In der neueren Rechtsprechung werden bei HWS-Distorsionen mit Beeinträchtigungen von ca. 4 Wochen in den meisten Fällen Schmerzensgeldsbeträge unter oder bis zu € 600,00 zuerkannt. Unter Berücksichtigung der vorgenannten Umstände schließt sich das erkennende Gericht dieser Rechtsprechung an und spricht ein Schmerzensgeld Höhe von insgesamt 600,00 € zu.
Nach § 249 Abs. 1, Abs. 2 S. 1 BGB sind der Klägerin Ziffer 2 weiter diejenigen adäquat verursachten Rechtsverfolgungskosten in Form vorprozessualer, nicht anrechenbarer Anwaltskosten zu ersetzen, die aus Sicht des Schadensersatzgläubigers zur Wahrnehmung und Durchsetzung seiner Rechte erforderlich und zweckmäßig waren. Als erforderlich sind die nach dem Urteil begründeten Forderungen anzusehen. Deshalb sind hinsichtlich des Schmerzensgeldes nur die zugesprochenen 600,00 € anzusetzen.
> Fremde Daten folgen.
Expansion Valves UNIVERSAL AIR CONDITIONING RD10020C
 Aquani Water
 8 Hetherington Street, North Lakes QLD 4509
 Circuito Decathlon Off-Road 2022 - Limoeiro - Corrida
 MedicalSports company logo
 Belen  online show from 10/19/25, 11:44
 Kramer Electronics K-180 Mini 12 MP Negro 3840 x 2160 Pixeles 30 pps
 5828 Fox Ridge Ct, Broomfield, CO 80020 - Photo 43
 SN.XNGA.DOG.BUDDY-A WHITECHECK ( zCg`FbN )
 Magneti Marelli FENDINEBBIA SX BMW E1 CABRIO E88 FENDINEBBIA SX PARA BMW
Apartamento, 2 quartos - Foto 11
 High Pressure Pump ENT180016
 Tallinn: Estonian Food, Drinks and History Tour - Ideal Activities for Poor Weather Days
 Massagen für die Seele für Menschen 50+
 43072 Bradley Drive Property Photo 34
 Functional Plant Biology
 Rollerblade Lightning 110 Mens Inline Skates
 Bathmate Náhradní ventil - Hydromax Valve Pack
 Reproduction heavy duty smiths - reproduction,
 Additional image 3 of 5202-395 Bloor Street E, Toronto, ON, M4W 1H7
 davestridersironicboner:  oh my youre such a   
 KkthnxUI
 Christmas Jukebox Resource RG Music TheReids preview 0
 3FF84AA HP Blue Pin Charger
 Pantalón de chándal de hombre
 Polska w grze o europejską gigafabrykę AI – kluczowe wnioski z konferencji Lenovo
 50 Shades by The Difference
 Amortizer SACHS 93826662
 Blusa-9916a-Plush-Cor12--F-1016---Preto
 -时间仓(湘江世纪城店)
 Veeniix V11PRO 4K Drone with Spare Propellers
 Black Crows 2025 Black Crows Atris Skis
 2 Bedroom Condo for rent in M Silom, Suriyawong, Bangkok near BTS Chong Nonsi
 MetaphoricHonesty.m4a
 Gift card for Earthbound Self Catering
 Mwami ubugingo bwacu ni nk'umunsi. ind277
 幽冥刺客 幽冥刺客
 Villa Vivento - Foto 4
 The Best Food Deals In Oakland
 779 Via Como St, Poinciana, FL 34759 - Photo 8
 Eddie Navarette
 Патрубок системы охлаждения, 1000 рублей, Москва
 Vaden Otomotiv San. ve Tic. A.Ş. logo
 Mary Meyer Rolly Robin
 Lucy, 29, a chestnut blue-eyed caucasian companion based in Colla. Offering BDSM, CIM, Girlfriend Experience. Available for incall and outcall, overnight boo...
Ausgehend von einer – nicht bestrittenen – 1,5-fachen Geschäftsgebühr nach Nr. 2300 W RVG aus einem Gegenstandswert von 600,00 € und der Pauschale nach Nr. 7002 W RVG in Höhe von 13,50 € ergeben sich vorliegend inklusive Mehrwertsteuer insgesamt 96,39 €.
Soweit das AG Lörrach.
Die Begründung zur Anwendbarkeit der Schwacke-Liste überzeugt. Ebenso bemerkenswert ist die Begründung des Amtsrichters zur Ablehnung der Erhebungen des Fraunhofer-Institutes. Der Süden der Republik scheint daher fest in „Schwacke-Hand“.